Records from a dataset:

▬▬▬

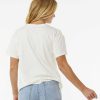 Women Rip Curl Tees & Tanks | Long Days Relaxed Tee Bone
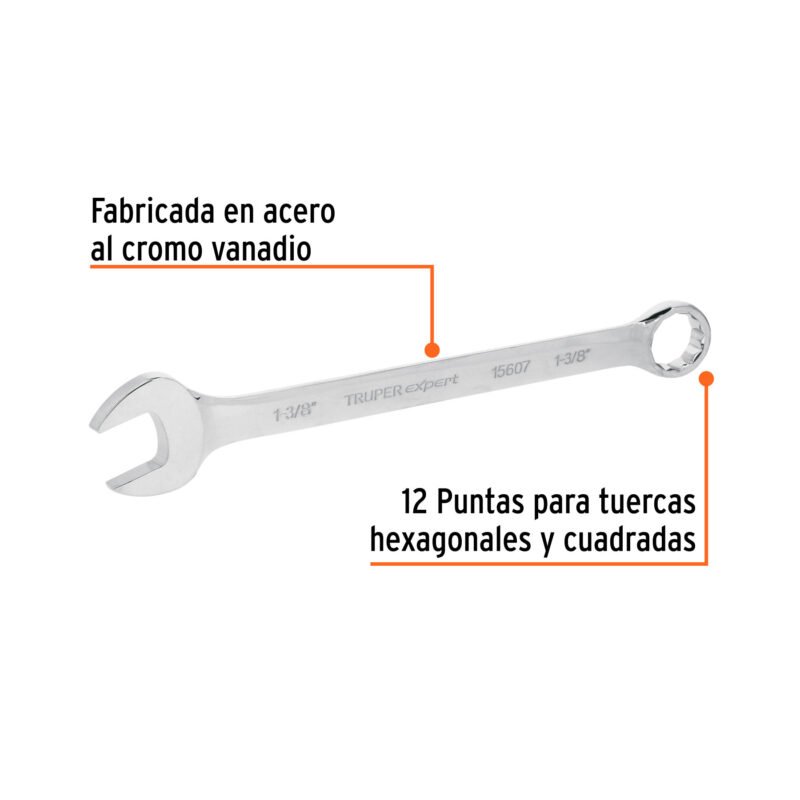 Código: 15607 Llave combinada extralarga 1-3/8' x 454 mm de largo, Exper LL-2044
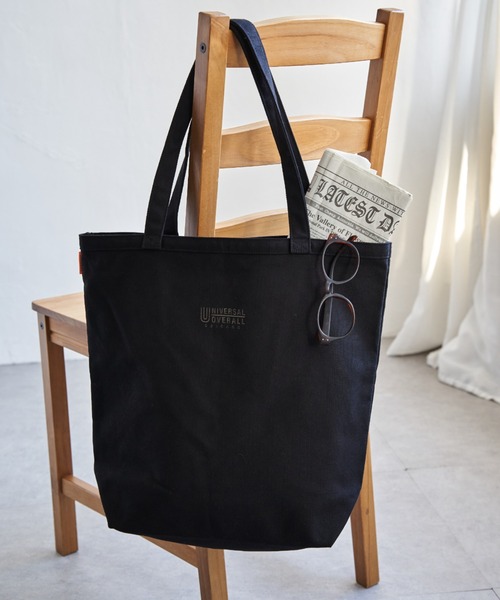 UNIVERSAL OVERALL（ユニバーサルオーバーオール）の「UNIVERSAL OVERALL ユニバーサルオーバーオール キャンバスダブルフェイストートバッグ（トートバッグ・メンズ・ブラック/グレー/オフホワイト/ライトグリーン・FREE）」の3枚目の写真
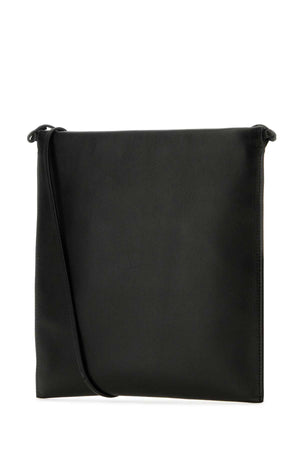 THE ROW Mini Black Nappa Leather Crossbody Handbag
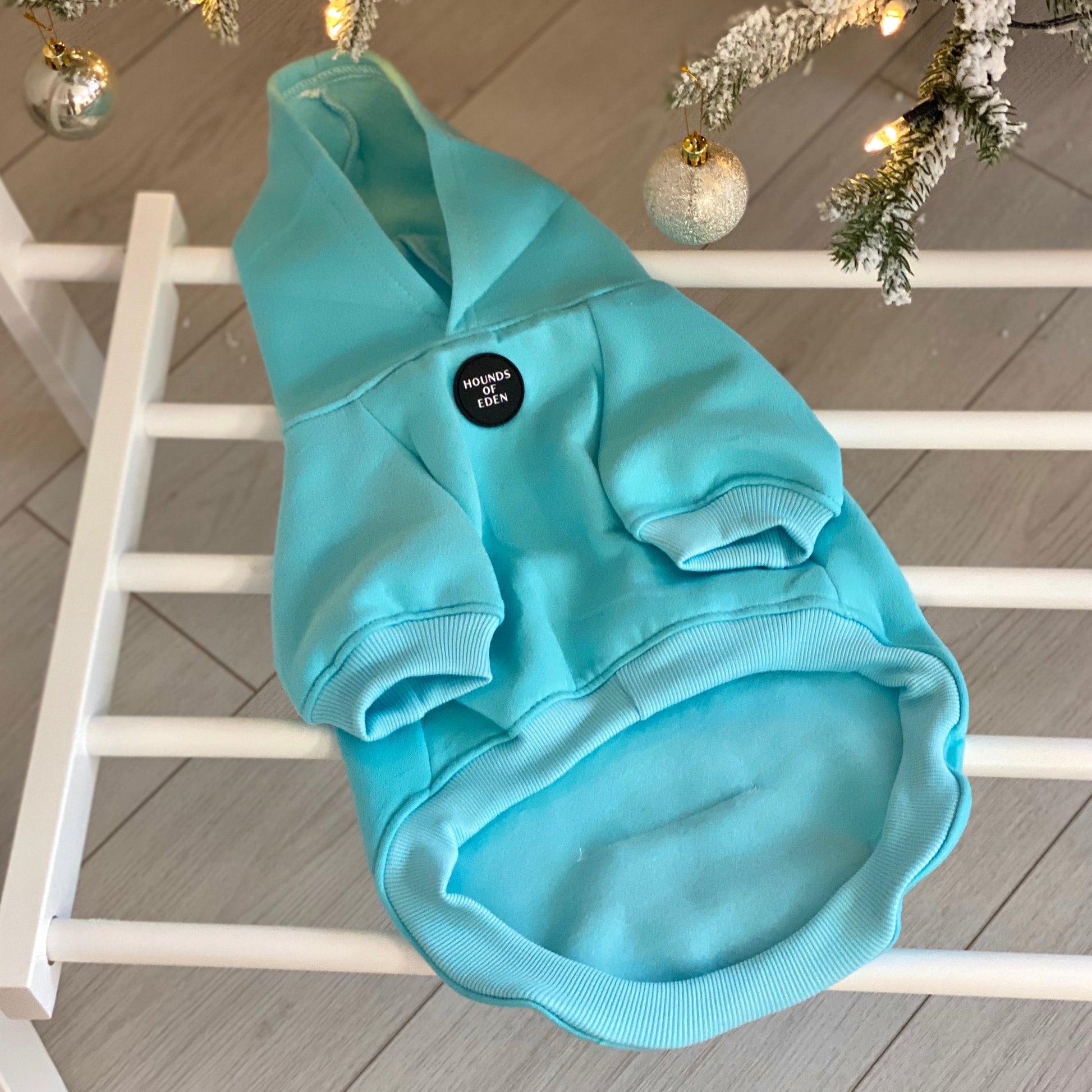Dog Hoodie - Light Teal - The Bark Market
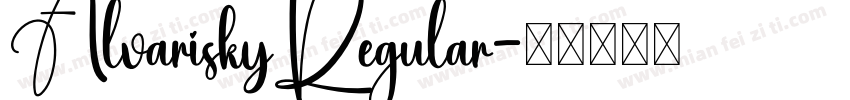 AlvariskyRegular字体转换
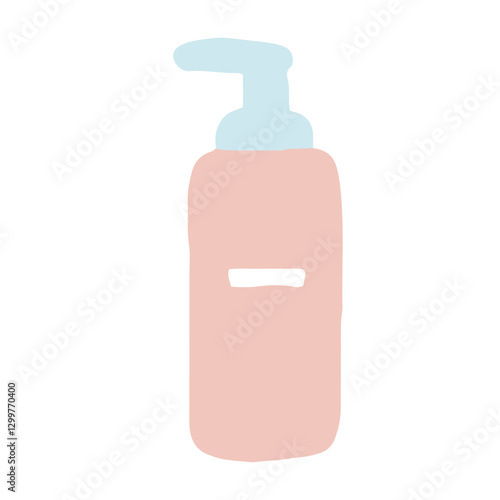 Skincare bottle pump Flat Design - Cleancers Exfoliants Serums essences Toner moisturizers Sunscreen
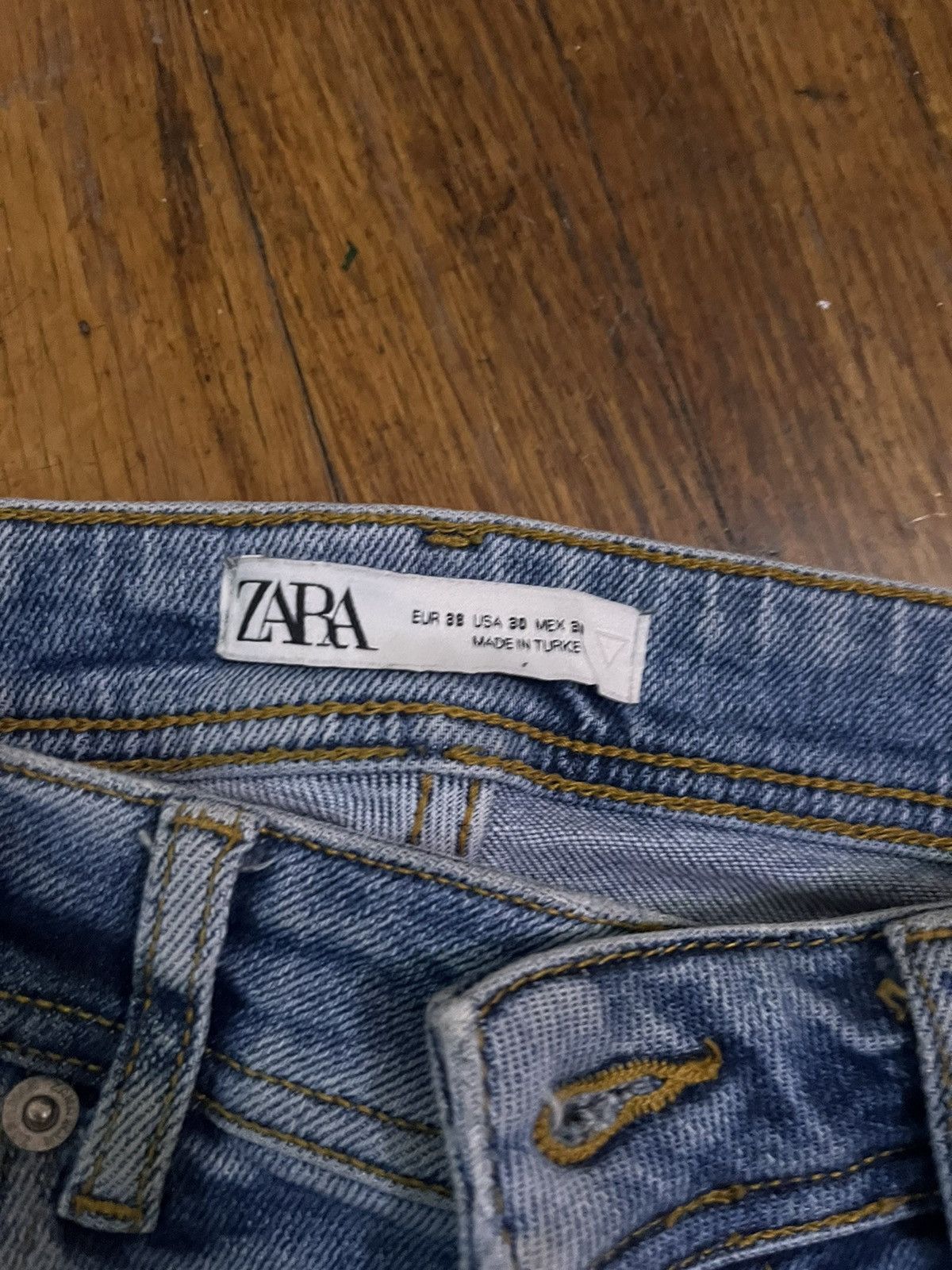 Zara Zara ripped paint splattered jeans Size US 30 / EU 46 - 7 Thumbnail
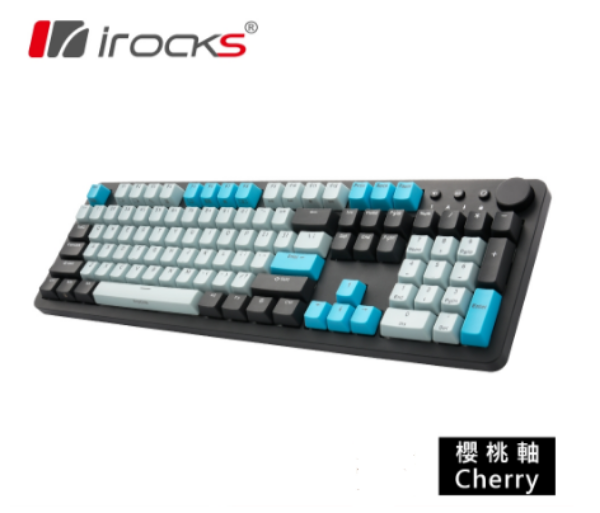 圖片 艾芮克 i-Rocks k73M  機械式鍵盤-電子龐克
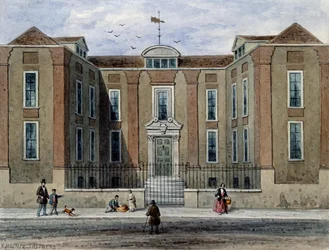 An Ancient Mansion, called Pitchett Hall, South Side of Union St., Southward, 1828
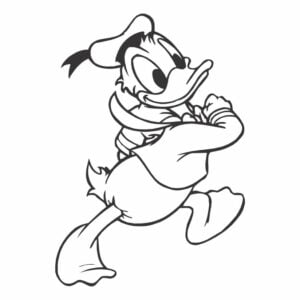 Desenho Pato Donald para imprimir e colorir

▬▬▬

▸ WHAT YOU HAVE TO DO:
Please retype exactly the lines from the one containing "THE ROW Mini" to the last line of the records above, both included, without any pictures.

▸ SOLUTION TO THE PROBLEM:
 THE ROW Mini Black Nappa Leather Crossbody Handbag
Dog Hoodie - Light Teal - The Bark Market
 AlvariskyRegular字体转换
 Skincare bottle pump Flat Design - Cleancers Exfoliants Serums essences Toner moisturizers Sunscreen
 Zara Zara ripped paint splattered jeans Size US 30 / EU 46 - 7 Thumbnail
 圖片 艾芮克 i-Rocks k73M  機械式鍵盤-電子龐克
 An Ancient Mansion, called Pitchett Hall, South Side of Union St., Southward, 1828
 Desenho Pato Donald para imprimir e colorir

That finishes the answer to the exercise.